Frontline Supervisor: Diversity in the Workplace

Frontline Supervisor: Diversity in the Workplace

On 5 Jan 2017, in Management, Workplace, Diversity

Each month, "The Balance Sheet" provides questions and answers from experts on a topic that's important to you as a manager. Please feel free to share this information with other colleagues who also manage people. 

Q. How should supervisors view or understand diversity in the workplace and use it as a resource to support the organization’s mission?

A. Understand the business case for diversity in the workplace beyond it being simply the right thing to do. Diversity brings many benefits to the employer, including valued outcomes such as creativity, the generation of new ideas, discovery of solutions and the ability to market to a diverse world economy. Diversity facilitates healthy challenge of the status quo that naturally comes from those who have different social backgrounds. Keep inclusion in mind and you will maximize the usefulness of this phenomenon in supervision. Everyone wants to feel included, but you should view “inclusiveness” as the energy source or the mechanism that excites employees about making contributions to the organization. Welcome diversity and it will become a positive force to support your organization’s mission.

Q. Regarding diversity in the workplace, what is the purpose of educating employees to understand the cultural norms of foreign-born employees while training employees from other countries in the expectations of the cultural norms in the USA?

A. When training foreign-born, new workers to understand American customs, you will not eliminate manners of communication to which they are accustomed. And frankly, that is not the goal of diversity awareness. Although you will not expect your American employees to adopt or practice the cultural norms of another country, educating them about what they are reduces the likelihood of improper statements, harassment, miscommunication, tension and impersonal comments or questions that foul relationships between workers. So education works both ways. Body language, for example, varies widely among different cultures. Without some awareness training of your employees, how might they react, for example, to a coworker who does not smile back when greeted? For an interesting review of issues regarding personal space, touch, tone of voice, eye contact, silence, facial control and feedback, check out some of the resources at the Diversity Council website

Q. What is the best way for me to increase my level of cultural sensitivity in the workplace, and what is the best argument for doing so?

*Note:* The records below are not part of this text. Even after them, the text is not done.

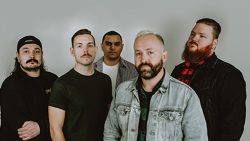 Colin Jacques, Jason Mooney, Steve Creaturo, Matthew Sears, Will Plummer, and Randy Frobel of pop-punk band We Were Sharks stand in front of a grey backdrop.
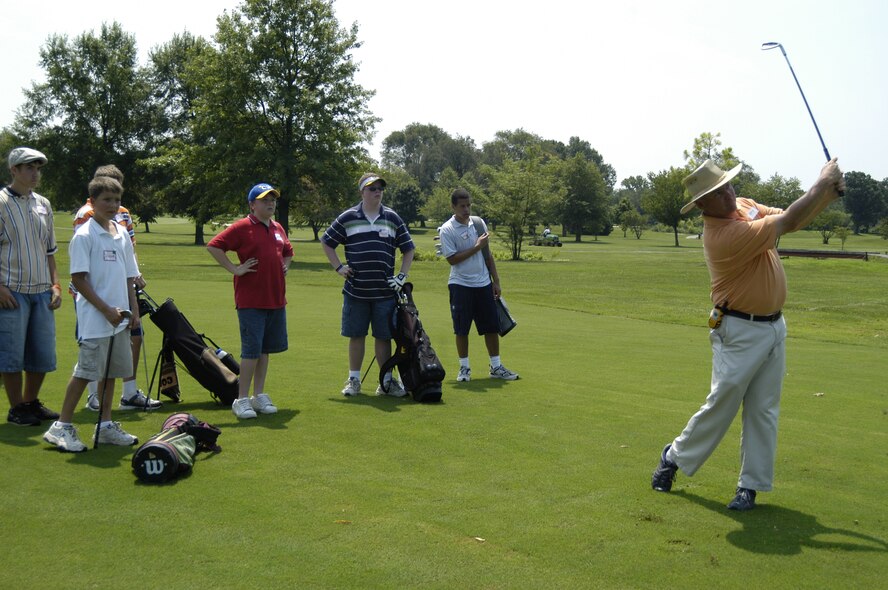 Patrick Keefe, Eagle Creek Golf Course assitant golf professional, shows a group of children how to properly hit an iron, emphazing grip on the club and aiming at the target. The children are participating in the Ladies Professional Golf Association Urban Youth Golf Program where they learn from LPGA instructors and Dover members. (U.S. Air Force photo/Airman 1st Class James Bolinger)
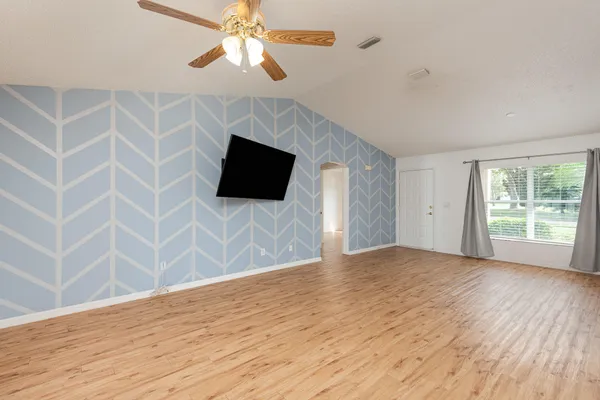 a view of empty room with wooden floor and fan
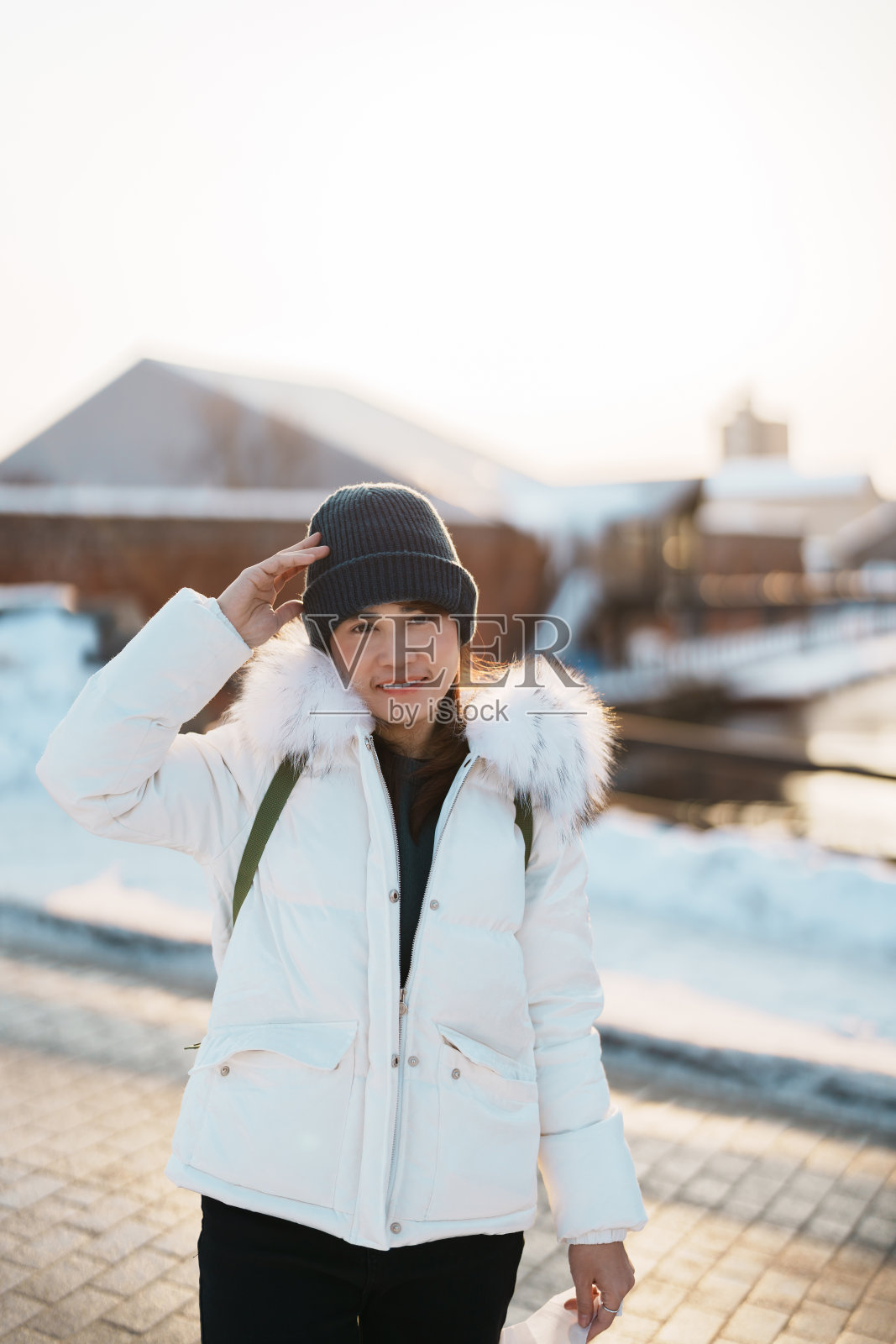 在函馆参观的女游客，穿着毛衣的游客在冬天观赏金森红砖仓库。它是日本北海道的地标和著名景点。旅游度假概念照片摄影图片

A. The best argument for increasing one’s level of cultural sensitivity is to improve engagement of workers and their job satisfaction. Gallup polling organization has maintained a rolling seven-day average of this index since first reporting on it several years ago. It stood at only 31% recently for workers in general, but if you add discrimination and lack of cultural sensitivity to the mix of reasons normally cited, this problem is compounded. Improving cultural sensitivity is a professional responsibility, although larger organizations with training and education budgets can go about the task with more ease. To enhance your cultural competence (also referred to as cultural intelligence or “CQ,”) consider books such as David Livermore’s The Cultural Intelligence Difference. Another helpful resource is the Executive Planet website, which describes virtually every aspect of business communication, family values and the social customs of every country in the world. Want to know what not to talk about when you meet someone from Paraguay? You’ll find it here.